EXERCISE DESCRIPTION: From the listing below, pick out each line with the word "Road".

DATA:
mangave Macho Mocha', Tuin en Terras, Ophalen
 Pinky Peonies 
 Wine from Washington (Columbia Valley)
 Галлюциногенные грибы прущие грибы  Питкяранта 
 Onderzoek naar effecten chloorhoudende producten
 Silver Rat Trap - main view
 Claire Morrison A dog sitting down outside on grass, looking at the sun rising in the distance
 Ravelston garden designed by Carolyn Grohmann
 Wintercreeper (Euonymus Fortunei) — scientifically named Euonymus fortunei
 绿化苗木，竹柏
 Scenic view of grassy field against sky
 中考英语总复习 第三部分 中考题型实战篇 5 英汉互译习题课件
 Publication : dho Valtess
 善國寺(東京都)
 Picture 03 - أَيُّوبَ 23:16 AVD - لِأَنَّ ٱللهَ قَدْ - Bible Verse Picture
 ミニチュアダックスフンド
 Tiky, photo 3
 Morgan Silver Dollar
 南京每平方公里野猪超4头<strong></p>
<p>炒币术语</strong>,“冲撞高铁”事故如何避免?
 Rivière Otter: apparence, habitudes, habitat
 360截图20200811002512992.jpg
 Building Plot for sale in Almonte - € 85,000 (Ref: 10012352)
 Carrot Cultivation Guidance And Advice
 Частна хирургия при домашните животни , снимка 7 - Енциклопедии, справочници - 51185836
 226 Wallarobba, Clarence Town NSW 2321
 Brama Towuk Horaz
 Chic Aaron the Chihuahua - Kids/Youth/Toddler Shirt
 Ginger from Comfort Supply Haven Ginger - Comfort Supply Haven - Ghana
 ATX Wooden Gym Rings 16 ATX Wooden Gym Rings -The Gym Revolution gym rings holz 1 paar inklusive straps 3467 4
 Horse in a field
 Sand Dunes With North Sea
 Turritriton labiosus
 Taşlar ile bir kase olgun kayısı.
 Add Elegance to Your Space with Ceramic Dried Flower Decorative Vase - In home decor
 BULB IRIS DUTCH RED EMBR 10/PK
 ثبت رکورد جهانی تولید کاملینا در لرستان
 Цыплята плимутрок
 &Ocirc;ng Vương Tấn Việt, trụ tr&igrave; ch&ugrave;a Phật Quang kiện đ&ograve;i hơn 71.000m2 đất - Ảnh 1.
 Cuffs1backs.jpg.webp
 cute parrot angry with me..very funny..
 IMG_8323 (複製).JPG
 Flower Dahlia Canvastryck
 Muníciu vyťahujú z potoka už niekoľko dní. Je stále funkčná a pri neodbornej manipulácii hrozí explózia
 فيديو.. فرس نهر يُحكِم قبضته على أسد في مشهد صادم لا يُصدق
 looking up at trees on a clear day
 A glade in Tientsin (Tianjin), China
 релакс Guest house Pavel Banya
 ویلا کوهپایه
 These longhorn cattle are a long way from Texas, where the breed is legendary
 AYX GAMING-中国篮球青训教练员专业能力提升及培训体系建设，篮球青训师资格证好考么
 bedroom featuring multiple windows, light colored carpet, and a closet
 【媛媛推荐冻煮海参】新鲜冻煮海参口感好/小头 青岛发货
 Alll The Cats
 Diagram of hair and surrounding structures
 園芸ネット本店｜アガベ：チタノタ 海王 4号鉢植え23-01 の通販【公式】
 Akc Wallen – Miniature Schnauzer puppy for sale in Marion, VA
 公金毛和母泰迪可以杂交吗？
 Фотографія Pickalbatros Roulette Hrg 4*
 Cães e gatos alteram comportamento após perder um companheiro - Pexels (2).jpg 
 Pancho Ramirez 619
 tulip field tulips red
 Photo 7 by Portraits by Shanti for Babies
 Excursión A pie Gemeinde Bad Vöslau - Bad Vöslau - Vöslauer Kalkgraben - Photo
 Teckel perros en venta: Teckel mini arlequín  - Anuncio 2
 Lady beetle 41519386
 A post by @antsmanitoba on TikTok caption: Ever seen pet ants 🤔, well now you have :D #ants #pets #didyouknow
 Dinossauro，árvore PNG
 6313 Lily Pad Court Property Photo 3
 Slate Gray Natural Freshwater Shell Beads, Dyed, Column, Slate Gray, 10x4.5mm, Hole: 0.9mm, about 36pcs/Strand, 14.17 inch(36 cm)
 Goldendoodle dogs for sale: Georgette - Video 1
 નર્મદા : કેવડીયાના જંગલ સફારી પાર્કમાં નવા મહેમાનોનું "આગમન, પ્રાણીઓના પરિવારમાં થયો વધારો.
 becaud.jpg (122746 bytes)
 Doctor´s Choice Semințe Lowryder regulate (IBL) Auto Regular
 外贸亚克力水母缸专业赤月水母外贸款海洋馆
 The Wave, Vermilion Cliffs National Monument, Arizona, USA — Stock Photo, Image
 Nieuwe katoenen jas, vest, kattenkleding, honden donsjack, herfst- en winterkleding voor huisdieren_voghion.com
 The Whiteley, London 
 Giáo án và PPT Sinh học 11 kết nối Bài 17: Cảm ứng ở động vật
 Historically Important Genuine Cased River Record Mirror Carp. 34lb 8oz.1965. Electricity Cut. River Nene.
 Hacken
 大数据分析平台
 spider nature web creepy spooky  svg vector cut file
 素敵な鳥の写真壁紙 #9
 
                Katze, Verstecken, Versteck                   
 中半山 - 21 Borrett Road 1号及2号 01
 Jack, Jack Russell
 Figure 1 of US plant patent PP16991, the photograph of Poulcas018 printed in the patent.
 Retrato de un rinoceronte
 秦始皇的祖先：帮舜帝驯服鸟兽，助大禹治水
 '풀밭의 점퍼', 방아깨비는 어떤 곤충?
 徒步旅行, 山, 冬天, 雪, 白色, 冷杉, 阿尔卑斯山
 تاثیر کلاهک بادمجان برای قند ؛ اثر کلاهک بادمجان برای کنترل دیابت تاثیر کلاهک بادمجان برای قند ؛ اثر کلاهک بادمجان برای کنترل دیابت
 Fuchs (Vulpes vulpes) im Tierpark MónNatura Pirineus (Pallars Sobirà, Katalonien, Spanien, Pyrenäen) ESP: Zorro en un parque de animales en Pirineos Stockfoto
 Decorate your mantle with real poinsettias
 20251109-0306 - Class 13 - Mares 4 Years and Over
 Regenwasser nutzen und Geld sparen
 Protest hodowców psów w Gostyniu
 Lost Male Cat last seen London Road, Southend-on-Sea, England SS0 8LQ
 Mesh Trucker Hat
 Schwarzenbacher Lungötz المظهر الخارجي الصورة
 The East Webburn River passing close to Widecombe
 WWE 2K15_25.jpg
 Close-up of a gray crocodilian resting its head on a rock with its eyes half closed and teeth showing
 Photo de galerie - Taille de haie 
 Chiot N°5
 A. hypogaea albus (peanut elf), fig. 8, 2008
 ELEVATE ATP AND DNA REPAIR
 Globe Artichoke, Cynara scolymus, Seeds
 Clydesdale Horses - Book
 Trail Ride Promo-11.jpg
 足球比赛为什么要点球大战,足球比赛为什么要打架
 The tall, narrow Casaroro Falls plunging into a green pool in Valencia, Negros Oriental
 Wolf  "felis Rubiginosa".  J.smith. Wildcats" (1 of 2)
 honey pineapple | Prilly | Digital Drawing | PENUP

REPLY TO THE TASK:
 中半山 - 21 Borrett Road 1号及2号 01
 Lost Male Cat last seen London Road, Southend-on-Sea, England SS0 8LQ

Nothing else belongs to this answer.